Gracey Duncan seemed to be the type of Floridian a nonprofit voter-registration group wanted to get on the rolls to start participating in elections. But two problems stood in the way: Gracey is a cat. And she’s dead. “Why is my (dead)cat getting #voterregistration apps? This is #2,” Gracey’s confused former owner, Julie Duncan, asked her local election supervisor via Twitter. The easy answer to Duncan’s question is that a database mix-up or mismatch led the nonprofit Voter Participation Center to think “Gracey Duncan” was the type of person — a minority or single woman — the liberal-leaning group wants to register ahead of the presidential election.

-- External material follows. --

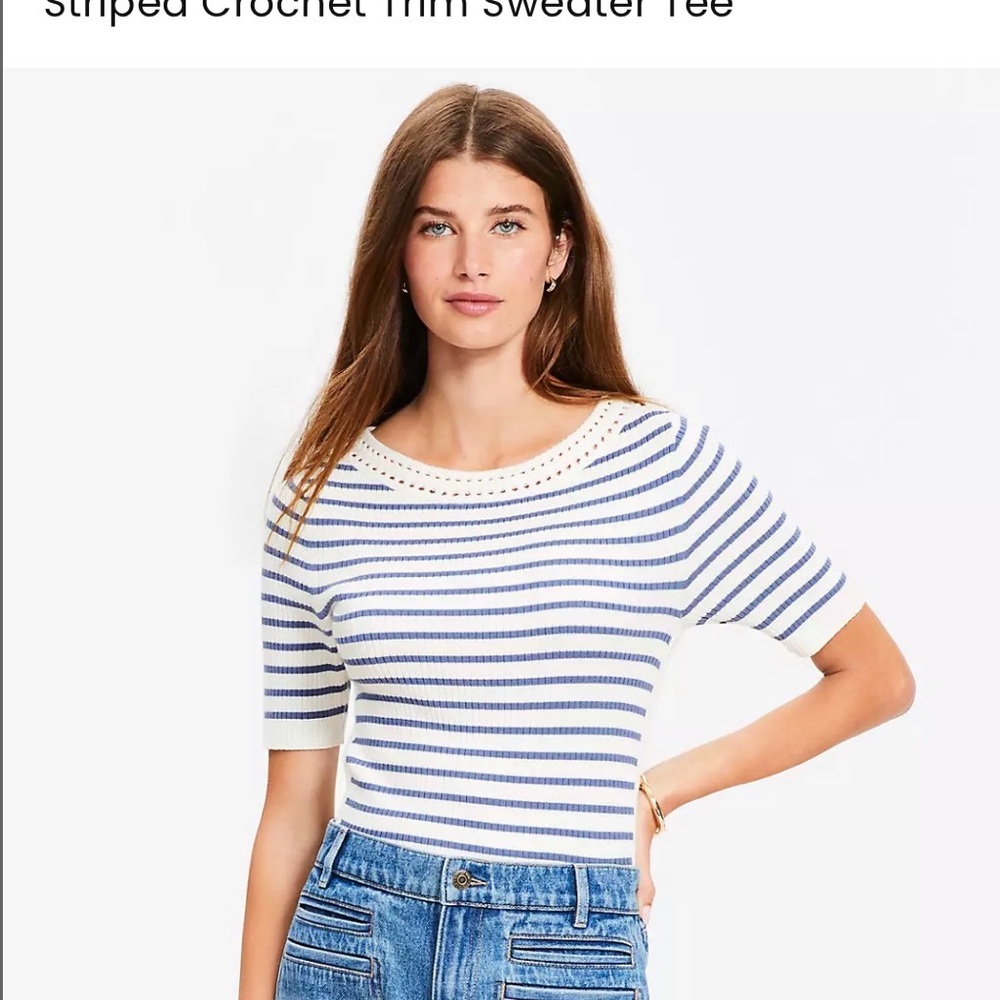 NWT LOFT Knit Striped Blue and White Top with crochet neckline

But because Florida is the nation’s most crucial swing state with a history of election controversies, the seemingly simple snafu led to a more complicated debate between elections officials, advocates and political science professors over how the state regulates voter-registration drives and rolls. None expressed concerns about voter fraud because of multi-step voter-ID requirements.
Still, the controversy has intensified in recent weeks as the Washington-based Voter Participation Center began conducting one of the nation’s largest voter-registration drives by mail, contacting 4 million potential registrants in 20 states, including about 630,000 in Florida, in March alone. And in trying to register so many people, the center has mistakenly identified a few dead people, contacted already registered voters under their maiden names or, in Duncan’s case, a pet.
That has confused voters and irked elections officials.
The center says it’s just trying to get underrepresented people more of a say at the ballot box. So it’s targeting specific profiles of potential voters: African Americans, Latinos, millennials and single women — groups that have a tendency to strongly back Democratic candidates. Finding these people, however, isn’t easy. It requires the center to buy data from direct mail firms and other companies that assemble profiles of people based on public and corporate records.